Les grands pays émergents ont mis en garde samedi contre les effets néfastes d'une anticipation sur les marchés d'une réduction des injections de liquidités de la Réserve Fédérale américaine (Fed).

Ces nations sont en effet les plus concernées. Depuis plusieurs mois, une telle anticipation a provoqué un mouvement de reflux de capitaux hors de leurs marchés, plombant leur monnaie et déstabilisant leur économie.
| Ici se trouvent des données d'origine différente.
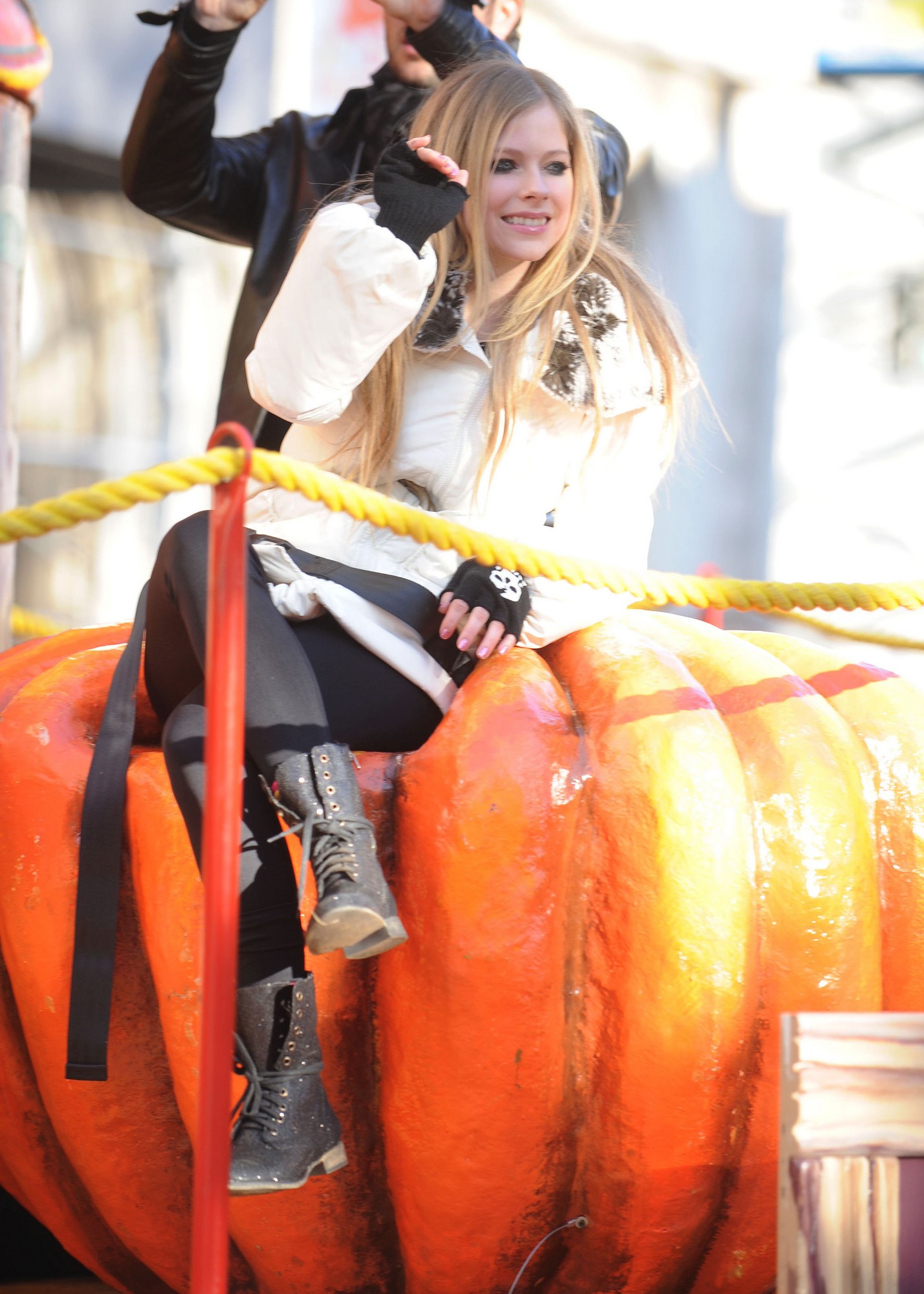 thanksgiving_283429.jpg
Brésil, Turquie et Inde ont notamment connu d'importantes secousses.

La veille, à l'issue d'une réunion de deux jours à Washington, les pays industrialisés et émergents du G20 avaient utilisé un langage plus convenu pour appeler la Fed à réduire ses injections de liquidités de manière «ordonnée» et en usant d'une communication «claire».

Mais samedi, les grands émergents ont durci le ton, profitant de la tribune offerte par l'assemblée générale du Fonds monétaire international qui s'achève à Washington.
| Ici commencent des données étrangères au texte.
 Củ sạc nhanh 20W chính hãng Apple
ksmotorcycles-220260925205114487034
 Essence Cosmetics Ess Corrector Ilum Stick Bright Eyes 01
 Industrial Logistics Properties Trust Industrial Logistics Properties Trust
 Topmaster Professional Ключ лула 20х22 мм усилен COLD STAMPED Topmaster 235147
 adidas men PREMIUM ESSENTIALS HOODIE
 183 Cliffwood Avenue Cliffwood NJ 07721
Ces craintes ont été entendues puisque dans son communiqué publié samedi, l'instance politique du FMI (Comité monétaire et financier international, CMFI) mentionne que le changement de cap monétaire aux États-Unis devait se faire «au bon moment». La Fed avait renoncé à franchir le pas lors de sa dernière réunion de politique monétaire mi-septembre.

La nuance est symbolique, mais elle marque une évolution par rapport à la précédente prise de position du CMFI sur la question en avril où il n'avait fait aucune mention d'un calendrier.

Les grands pays émergents ne se sont pas arrêtés là et ont chacun délivré leur petite pique contre la politique monétaire américaine dans leurs discours devant le CMFI.

Par la voix du vice-gouverneur de sa banque centrale, la Chine a critiqué le recours même aux mesures accommodantes que la Fed déploie depuis 2008 pour soutenir l'activité aux États-Unis.

«Davantage d'attention devrait être portée aux risques associés à une utilisation prolongée» de cette politique, a déclaré Yi Gang.

«Les politiques monétaires accommodantes ne font qu'accorder un peu de répit et ne peuvent se substituer aux nécessaires réformes structurelles et aux ajustements politiques», a déclaré le responsable dans son discours.

Le ministre indien des Finances, Palaniappan Chidambaram a quant à lui centré ses inquiétudes sur la levée progressive de ces mesures. «Les développements récents sur les marchés financiers ont provoqué des inquiétudes sérieuses sur la fin ordonnée des politiques monétaires non conventionnelles», a estimé Palaniappan Chidambaram.

Autre pays émergent membre des Brics, la Russie s'est jointe à l'offensive en assurant que la politique de la Fed causera des dommages, quelle que soit son issue.

«Une sortie des politiques monétaires non conventionnelles, même si elle était conduite très prudemment et progressivement, va provoquer un ajustement du prix des actifs» et «une volatilité accrue sur les marchés financiers», a affirmé le ministre russe des Finances, Anton Siluanov.

Plusieurs États européens ont également fait part de leurs préoccupations devant l'instance dirigeante du FMI, adoptant toutefois un ton plus modéré.

S'exprimant au nom de sept autres pays (Turquie, Slovaquie...), Ewald Nowotny, gouverneur de la Banque centrale autrichienne et membre du conseil des gouverneurs de la Banque centrale européenne (BCE), a appelé la Fed à engager un «dialogue international» afin de «minimiser» les retombées de sa politique, sous-entendant que ce «dialogue» était pour l'heure au minimum insuffisant.

Mi-septembre, la Fed avait assuré qu'elle surveillait «de près» la situation des pays émergents, mais a toujours clamé que sa politique de soutien de la reprise américaine leur était indirectement favorable.

«Une économie américaine plus forte est une des meilleures choses qui pourraient aider les économies des pays émergents», avait déclaré mi-septembre le président sortant de la Fed, Ben Bernanke.